++++ THE RECORDS
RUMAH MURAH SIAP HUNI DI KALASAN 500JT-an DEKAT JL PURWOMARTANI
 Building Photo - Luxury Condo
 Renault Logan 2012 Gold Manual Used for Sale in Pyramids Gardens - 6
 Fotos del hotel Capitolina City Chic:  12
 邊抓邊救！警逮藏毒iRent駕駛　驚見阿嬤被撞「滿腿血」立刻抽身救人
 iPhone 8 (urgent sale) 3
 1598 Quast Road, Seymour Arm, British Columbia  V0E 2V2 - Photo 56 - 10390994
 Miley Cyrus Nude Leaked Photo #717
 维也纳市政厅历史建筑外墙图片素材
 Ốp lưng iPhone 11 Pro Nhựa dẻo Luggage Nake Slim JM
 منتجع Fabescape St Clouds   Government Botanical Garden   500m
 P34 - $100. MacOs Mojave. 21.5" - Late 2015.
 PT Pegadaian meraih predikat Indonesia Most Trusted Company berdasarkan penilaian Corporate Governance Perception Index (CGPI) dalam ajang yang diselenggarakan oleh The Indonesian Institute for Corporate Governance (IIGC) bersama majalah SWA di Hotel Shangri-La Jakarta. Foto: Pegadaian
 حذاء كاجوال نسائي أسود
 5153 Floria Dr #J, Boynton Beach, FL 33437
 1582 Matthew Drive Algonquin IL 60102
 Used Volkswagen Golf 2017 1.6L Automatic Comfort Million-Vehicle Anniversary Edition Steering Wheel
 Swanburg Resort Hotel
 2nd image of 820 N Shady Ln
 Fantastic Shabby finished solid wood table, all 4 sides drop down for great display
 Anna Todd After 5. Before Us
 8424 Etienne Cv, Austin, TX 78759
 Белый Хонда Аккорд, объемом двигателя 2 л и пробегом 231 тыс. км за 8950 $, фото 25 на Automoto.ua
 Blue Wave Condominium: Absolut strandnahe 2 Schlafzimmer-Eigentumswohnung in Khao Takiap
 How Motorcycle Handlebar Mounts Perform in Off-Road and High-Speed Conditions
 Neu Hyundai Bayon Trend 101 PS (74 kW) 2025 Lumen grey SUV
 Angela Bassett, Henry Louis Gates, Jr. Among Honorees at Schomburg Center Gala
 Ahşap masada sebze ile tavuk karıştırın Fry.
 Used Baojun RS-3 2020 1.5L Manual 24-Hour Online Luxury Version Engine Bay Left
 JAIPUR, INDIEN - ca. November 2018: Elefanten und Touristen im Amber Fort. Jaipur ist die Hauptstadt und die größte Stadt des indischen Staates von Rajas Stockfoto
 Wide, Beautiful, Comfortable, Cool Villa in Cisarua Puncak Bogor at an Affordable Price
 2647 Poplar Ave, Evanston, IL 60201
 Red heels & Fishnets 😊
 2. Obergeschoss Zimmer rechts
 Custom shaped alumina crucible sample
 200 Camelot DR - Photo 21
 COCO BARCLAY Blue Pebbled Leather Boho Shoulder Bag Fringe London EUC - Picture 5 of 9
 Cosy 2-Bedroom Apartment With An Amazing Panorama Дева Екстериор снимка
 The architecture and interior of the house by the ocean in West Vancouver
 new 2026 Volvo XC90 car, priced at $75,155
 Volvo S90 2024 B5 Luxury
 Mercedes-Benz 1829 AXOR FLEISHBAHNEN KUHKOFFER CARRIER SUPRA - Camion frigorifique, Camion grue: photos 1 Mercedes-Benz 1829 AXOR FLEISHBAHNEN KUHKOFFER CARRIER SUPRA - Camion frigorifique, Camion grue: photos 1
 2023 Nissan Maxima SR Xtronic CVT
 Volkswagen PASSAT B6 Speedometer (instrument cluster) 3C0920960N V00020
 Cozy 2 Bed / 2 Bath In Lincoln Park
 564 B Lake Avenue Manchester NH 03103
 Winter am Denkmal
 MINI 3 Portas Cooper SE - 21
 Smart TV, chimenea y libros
++++++++
* _WHAT THE TASK REQUIRES_
Look through the data above. Find each line with the string "Blue" and copy it.

* _EXPECTED ANSWER_
 Blue Wave Condominium: Absolut strandnahe 2 Schlafzimmer-Eigentumswohnung in Khao Takiap
 COCO BARCLAY Blue Pebbled Leather Boho Shoulder Bag Fringe London EUC - Picture 5 of 9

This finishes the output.